“Security concerns” have cancelled most of Lars Vilks’ North American tour.
Not sure the point of having an army and cops if… oh wait, of course: the authorities are too busy organizing “Islamist Heritage Month”!
I’ll be there tonight. Expect to be searched at the door.
Here’s an important message from Craig Snider, Director of the David Horowitz Freedom Center, Philadelphia:
Here I sit in the comfort of my living room this morning, surrounded by picture windows, taking time to write my thoughts about the last few days with Lars Vilks, Swedish artist who has no such luxury.
Vilks has been condemned for a pencil drawing he drew of Mohammed depicted as a dog in traffic. An enterprising Jihadi can earn $100,000 for executing Vilks, and get $50,000 extra if a knife is used to do the job.
This week, federal agencies and local law enforcement assigned a small army to protect Vilks so it wouldn’t happen here. As Director of the Philadelphia offices of the David Horowitz Freedom Center, I invited Vilks to Philadelphia as part of a North American Tour to commemorate the fifth anniversary of the Danish Cartoon controversy, sparked by political cartoon depiction of Mohammed with a ticking time bomb in his Turban.
The FBI and Homeland Security deemed the risk so high, that I had no choice to pull the plug on the public event. Instead I arranged a series of press interviews at an undisclosed location. Were it not for the interest of the press and their wide coverage, silencing Vilks would have marked a win for the Jihad, and another loss for freedom of speech and artistic expression.

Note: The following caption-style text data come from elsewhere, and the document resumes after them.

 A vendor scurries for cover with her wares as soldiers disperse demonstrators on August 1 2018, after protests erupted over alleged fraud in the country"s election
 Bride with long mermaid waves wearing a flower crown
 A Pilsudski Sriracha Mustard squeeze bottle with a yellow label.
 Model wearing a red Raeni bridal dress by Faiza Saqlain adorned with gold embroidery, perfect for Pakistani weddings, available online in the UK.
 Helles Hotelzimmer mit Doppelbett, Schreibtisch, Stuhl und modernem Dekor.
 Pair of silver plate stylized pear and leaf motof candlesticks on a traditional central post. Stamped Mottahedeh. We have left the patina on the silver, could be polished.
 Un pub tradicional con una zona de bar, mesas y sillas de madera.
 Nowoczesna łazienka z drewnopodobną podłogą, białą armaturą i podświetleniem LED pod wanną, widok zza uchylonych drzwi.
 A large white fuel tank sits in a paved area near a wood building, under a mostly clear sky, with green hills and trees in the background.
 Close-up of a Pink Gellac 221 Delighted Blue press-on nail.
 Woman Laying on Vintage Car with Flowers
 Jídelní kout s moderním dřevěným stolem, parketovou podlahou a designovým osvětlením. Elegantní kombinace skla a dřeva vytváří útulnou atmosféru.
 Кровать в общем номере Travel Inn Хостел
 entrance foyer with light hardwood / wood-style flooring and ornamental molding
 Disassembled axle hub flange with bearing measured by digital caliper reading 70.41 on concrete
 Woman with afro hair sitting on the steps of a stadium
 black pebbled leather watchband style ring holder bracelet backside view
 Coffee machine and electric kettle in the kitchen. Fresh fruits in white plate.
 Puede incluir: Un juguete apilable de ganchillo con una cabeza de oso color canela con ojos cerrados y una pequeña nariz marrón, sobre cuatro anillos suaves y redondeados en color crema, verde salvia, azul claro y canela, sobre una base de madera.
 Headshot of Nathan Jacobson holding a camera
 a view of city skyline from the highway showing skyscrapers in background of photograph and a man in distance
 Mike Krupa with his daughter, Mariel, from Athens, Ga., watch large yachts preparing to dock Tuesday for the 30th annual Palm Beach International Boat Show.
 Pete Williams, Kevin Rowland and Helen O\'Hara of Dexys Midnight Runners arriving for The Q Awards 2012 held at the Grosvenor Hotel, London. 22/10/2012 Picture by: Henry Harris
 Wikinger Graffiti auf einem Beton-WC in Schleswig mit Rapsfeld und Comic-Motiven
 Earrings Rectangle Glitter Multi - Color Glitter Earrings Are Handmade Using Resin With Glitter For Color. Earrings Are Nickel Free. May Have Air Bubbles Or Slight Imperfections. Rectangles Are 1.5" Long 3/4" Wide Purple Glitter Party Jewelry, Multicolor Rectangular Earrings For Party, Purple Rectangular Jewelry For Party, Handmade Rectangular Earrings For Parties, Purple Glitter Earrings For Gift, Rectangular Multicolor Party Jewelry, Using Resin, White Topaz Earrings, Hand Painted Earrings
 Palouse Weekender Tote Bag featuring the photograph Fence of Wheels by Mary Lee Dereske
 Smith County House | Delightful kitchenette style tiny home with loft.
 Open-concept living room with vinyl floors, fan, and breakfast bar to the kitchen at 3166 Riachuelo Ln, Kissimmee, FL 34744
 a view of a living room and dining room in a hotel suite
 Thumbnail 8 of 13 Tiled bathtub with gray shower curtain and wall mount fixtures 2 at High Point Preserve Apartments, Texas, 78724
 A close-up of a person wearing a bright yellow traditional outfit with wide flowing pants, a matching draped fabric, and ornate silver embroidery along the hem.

Lars Vilks is among a small cadre of everyday people around the world living in unusual times and drawn to acts of social disobedience. Men like Bjorn Larsen in Canada, Lars Hedegaard in Denmark, co-founders of the International Free Press Society defend Vilks and his Danish compatriot, Kurt Westegaard and their right to freedom of expression in a free society.
During my two days with Vilks, and Hedegaard who made the trip as well, I learned a great deal about the meaning of courage and overcame any doubts I had about becoming publicly identified with their cause.
The question many had was, if Vilks knew that such an illustration would spark Islamic rage, why do it? In his soft-spoken manner, Vilks explained he was an equal opportunity iconoclast; why should Islam be spared from his artistic criticisms of religion any more than Christians, Jews or Hindus? He has insulted them all.
And the irony is this: Most of us understand the risks of insulting Islam today, and ask, why do it? Lars Vilks asks, how can we permit violent Muslims, in a tolerant multicultural society, threaten critics with death and dismemberment? It’s a good question. The better question.
Vilks’ drawing was a deliberate protest against artistic self-censorship and a notice to the bad guys that its threats are not okay, will not work and will not stand in our culture.
We all owe him a debt of gratitude and can thank him by publishing our work and standing up to would-be murderers seeking to intimidate the rest of us into submission.
Create, write, publish, televise, broadcast—whatever—as an expression of your freedom of conscience.
Lars Vilks experiences the entire episode of this controversy as “process art”. To understand this vision, imagine a pebble being dropped into a still pool of water. The pebble drop is the instigating event, in this case, Vilk’s offending illustration; the concentric circles radiate outward in a ripple effect, representing all that we are experiencing throughout the world as a result. Vilks takes it all in, an actor in a morality play of his own design.
His next project, he claims, is to make a Fred Astaire-style musical out of it all.
Art is a subversive endeavor, he says, meant to push the boundaries, make us think. Maybe one day we can all sing and laugh about it all. Until then, I will be shaking the trees and rattling the cages of all those around me who take for granted the relative tranquility of our quiet neighborhoods and insulated lives.